Each line below should be retyped exactly, with no pictures.

▸ **Input data**:
+++

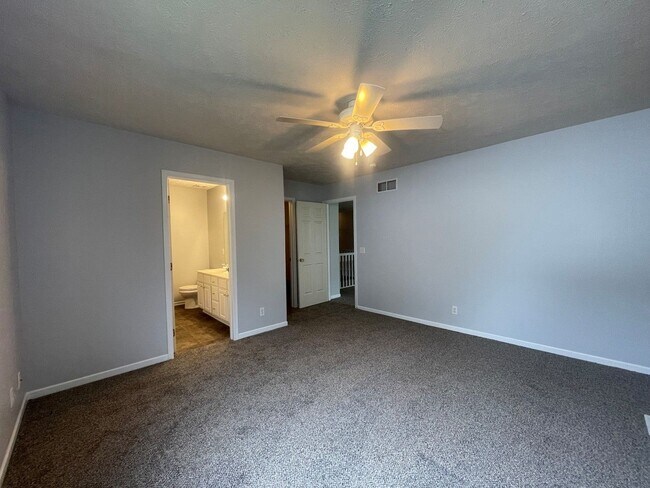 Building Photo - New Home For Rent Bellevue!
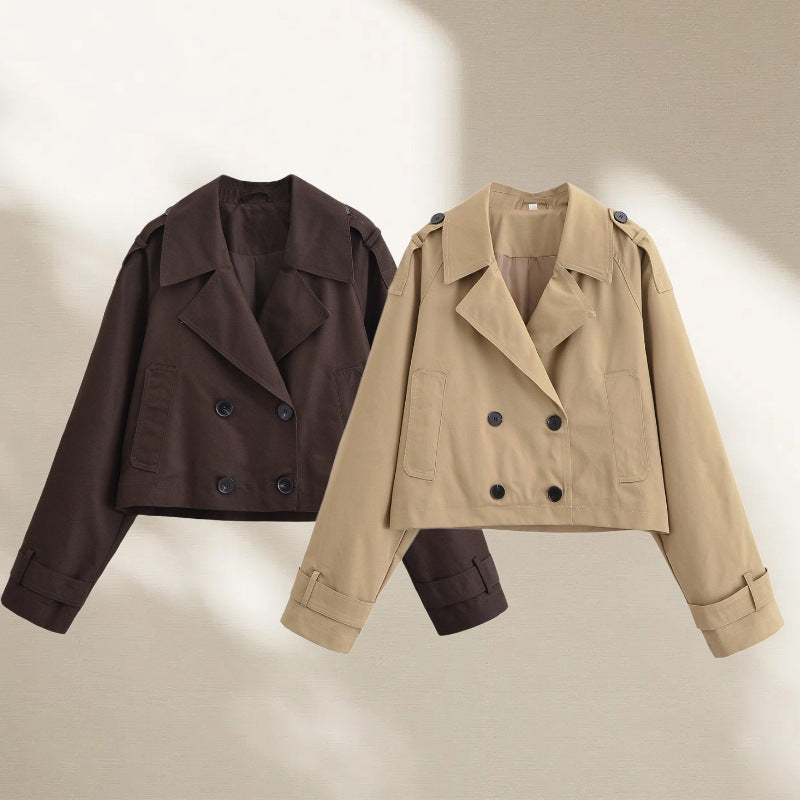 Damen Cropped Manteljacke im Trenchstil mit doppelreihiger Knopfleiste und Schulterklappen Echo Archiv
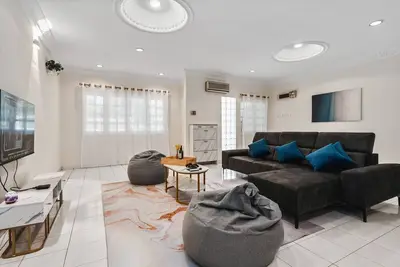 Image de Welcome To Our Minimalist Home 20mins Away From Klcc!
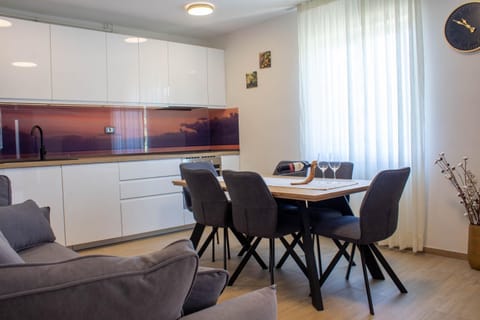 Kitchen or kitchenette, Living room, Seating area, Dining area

+++

▸ **Task answer**:
 Building Photo - New Home For Rent Bellevue!
 Damen Cropped Manteljacke im Trenchstil mit doppelreihiger Knopfleiste und Schulterklappen Echo Archiv
 Image de Welcome To Our Minimalist Home 20mins Away From Klcc!
 Kitchen or kitchenette, Living room, Seating area, Dining area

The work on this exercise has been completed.